In this exercise, print only the lines from the line with "NEUD Power Hairstyle" to the last line of the data below, inclusive. Any pictures should be left out.
Start of Supplied data
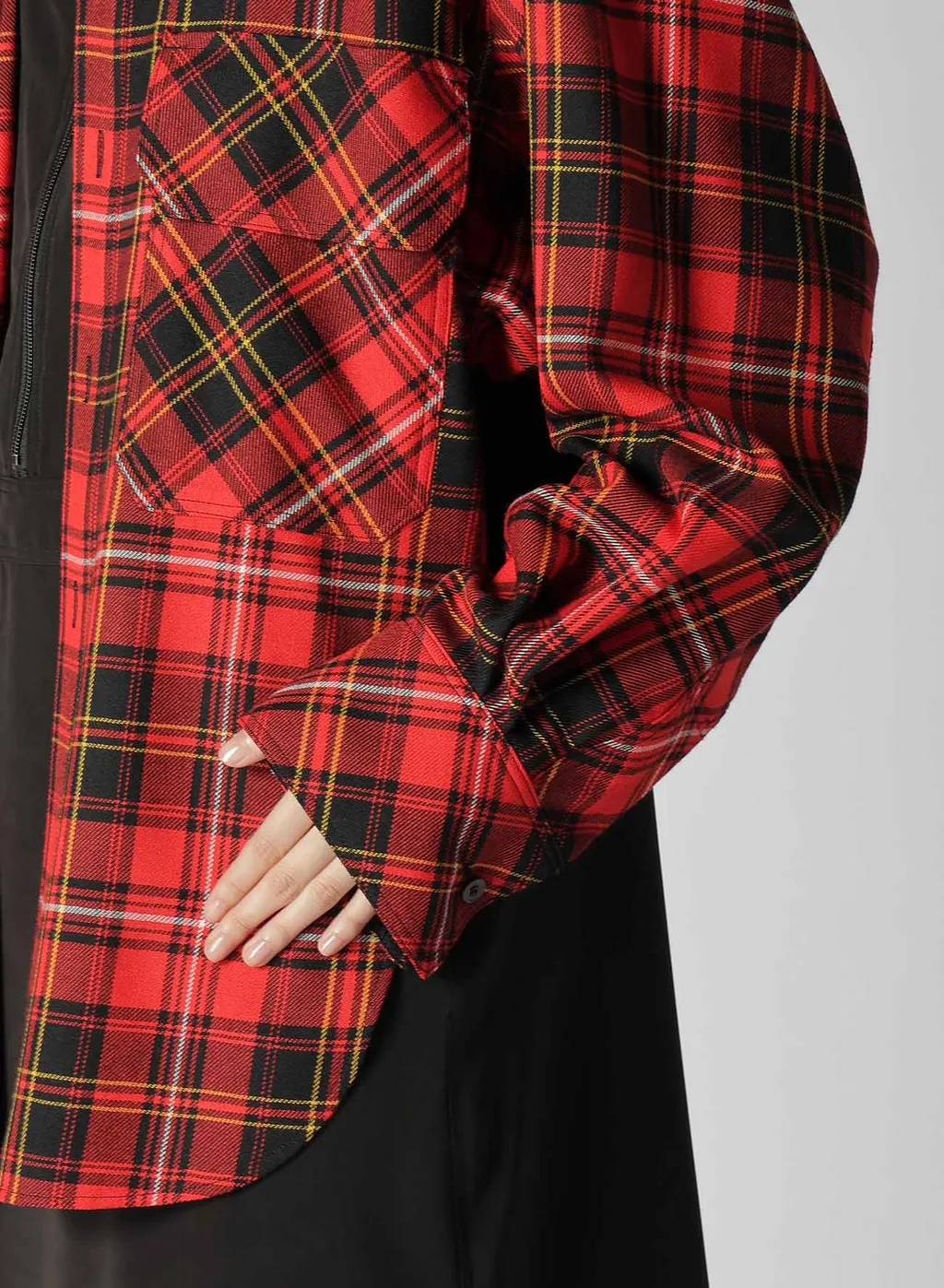 Tartan Check Double Layered Dress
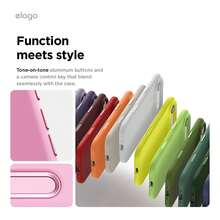 Elago Minimalist Dopamine Magnetic Liquid Silicone Case For IPhone Air, Compatible With MagSafe, Liquid Silicone Material, Protective Cover, Shockproof, Slim Phone, Fashion, Velvet - For Men, For Women, Luxury, Fashion, High Quality - Màu Hồng Tươi - Xem 4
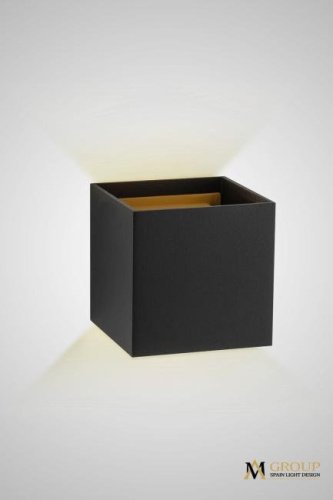 Настенный светильник AM Group Am11 AM112-2X5W-BK+GD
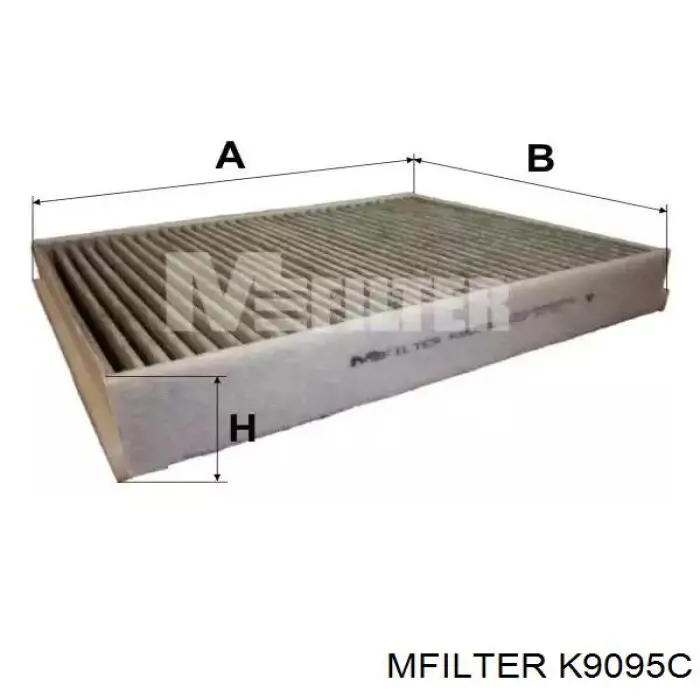 Фильтр салона MFILTER K9095C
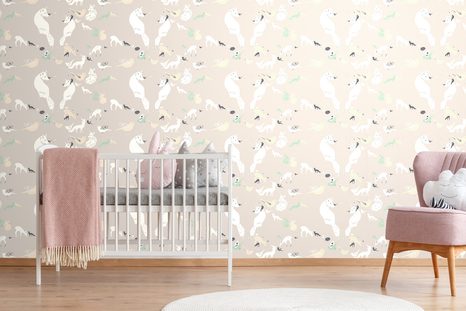 SAMOLEPILNA TAPETA SOŽITJE GOZDNIH ŽIVALI - SAMOLEPILNE TAPETE - TAPETE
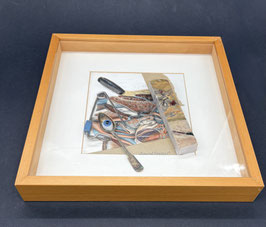 Daniel Spoerri - 26. Aout 97. "Tageskästchen", Original Kunst / artwork 1997.
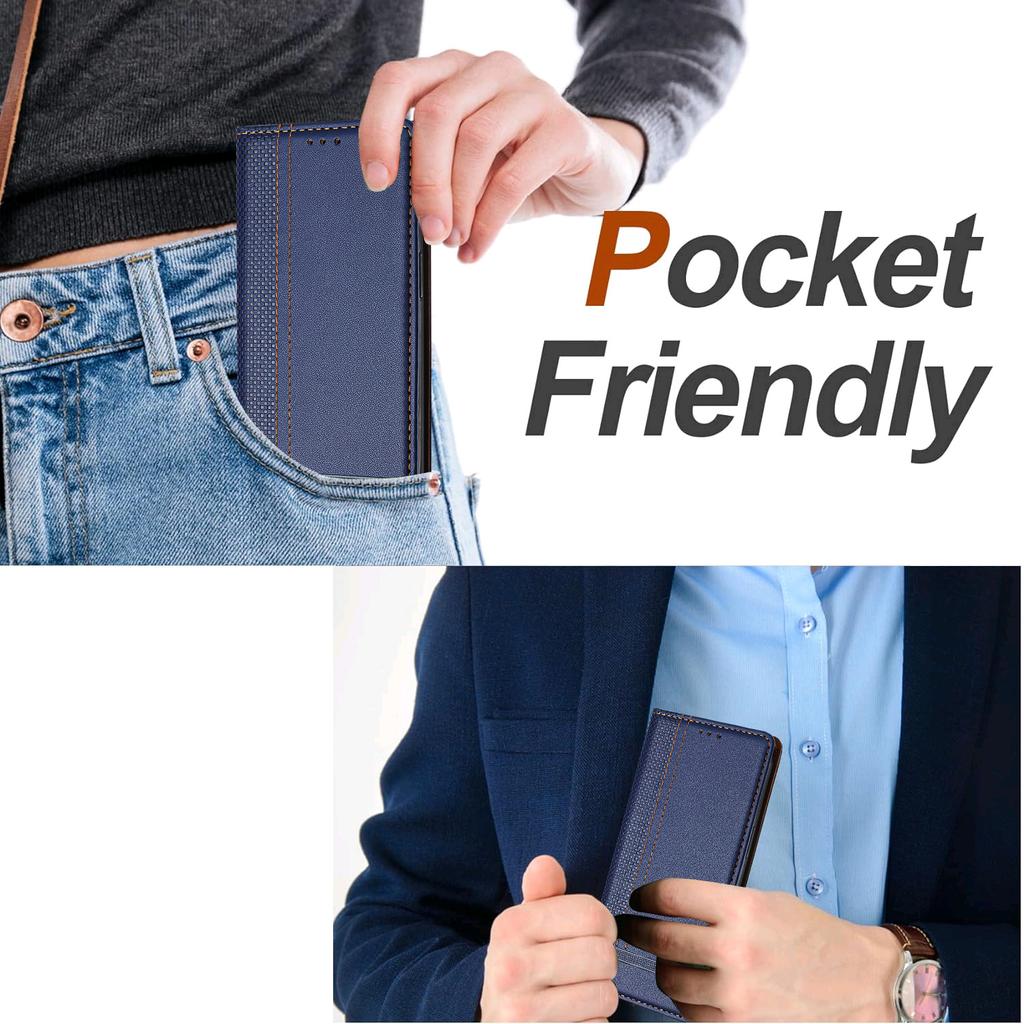 Litchi Grain Emboss Leather Book Case for Tecno Series,Camon 19,Camon 19 Pro 5G,Camon 19 Neo,Spark 9,Pova Neo 2,Pova 4,Pop 7,Spark Go 2023,Spark 10C..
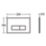 Armitage Shanks Oleas M2 Dual-Flush Mechanic Control Plate White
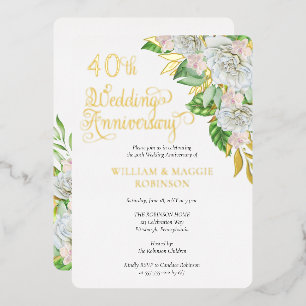 White Rose Orchid 40th Wedding Anniversary Party
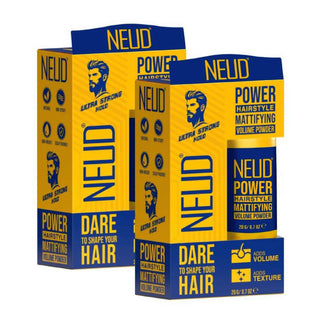 NEUD Power Hairstyle Mattifying Volume Powder Wax Enriched With Aloe Vera and Argan Oil - 2x20g Pack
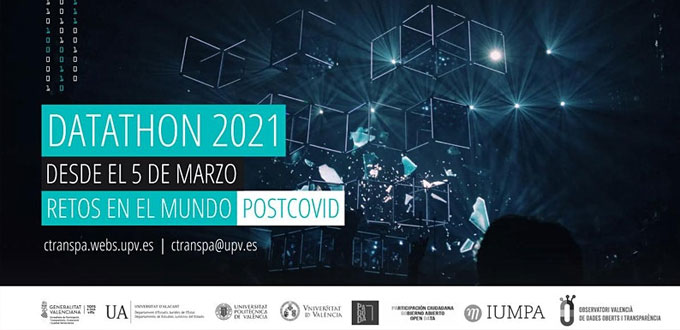 La UPV, la UV y la UA organizan Datathon 2021: Retos en un mundo postcovid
End of Supplied data
Exercise answer:
 NEUD Power Hairstyle Mattifying Volume Powder Wax Enriched With Aloe Vera and Argan Oil - 2x20g Pack
 La UPV, la UV y la UA organizan Datathon 2021: Retos en un mundo postcovid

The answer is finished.